We selected all randomized controlled trials in adults undergoing surgery for which a treatment measure was used for the purpose of providing renal protection during the perioperative period.
We selected 72 studies for inclusion in this review. Two review authors extracted data from all selected studies and entered them into RevMan 5.1; then the data were appropriately analysed. We performed subgroup analyses for type of intervention, type of surgical procedure and pre-existing renal dysfunction. We undertook sensitivity analyses for studies with high and moderately good methodological quality.
The updated review included data from 72 studies, comprising a total of 4378 participants. Of these, 2291 received some form of treatment and 2087 acted as controls. The interventions consisted most often of different pharmaceutical agents, such as dopamine and its analogues, diuretics, calcium channel blockers, ACE inhibitors, NAC, ANP, sodium bicarbonate, antioxidants and EPO or selected hydration fluids. Some clinical heterogeneity and varying risk of bias were noted amongst the studies, although we were able to meaningfully interpret the data. Results showed significant heterogeneity and indicated that most interventions provided no benefit.
Data on perioperative mortality were reported in 41 studies and data on acute renal injury in 44 studies (all interventions combined). Because of considerable clinical heterogeneity (different clinical scenarios, as well as considerable methodological variability amongst the studies), we did not perform a meta-analysis on the combined data.

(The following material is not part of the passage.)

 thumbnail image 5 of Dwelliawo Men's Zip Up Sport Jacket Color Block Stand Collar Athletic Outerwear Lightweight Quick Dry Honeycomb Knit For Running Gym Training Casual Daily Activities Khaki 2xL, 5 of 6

Subgroup analysis of major interventions and surgical procedures showed no significant influence of interventions on reported mortality and acute renal injury. For the subgroup of participants who had pre-existing renal damage, the risk of mortality from 10 trials (959 participants) was estimated as odds ratio (OR) 0.76, 95% confidence interval (CI) 0.38 to 1.52; the risk of acute renal injury (as reported in the trials) was estimated from 11 trials (979 participants) as OR 0.43, 95% CI 0.23 to 0.80. Subgroup analysis of studies that were rated as having low risk of bias revealed that 19 studies reported mortality numbers (1604 participants); OR was 1.01, 95% CI 0.54 to 1.90. Fifteen studies reported data on acute renal injury (criteria chosen by the individual studies; 1600 participants); OR was 1.03, 95% CI 0.54 to 1.97.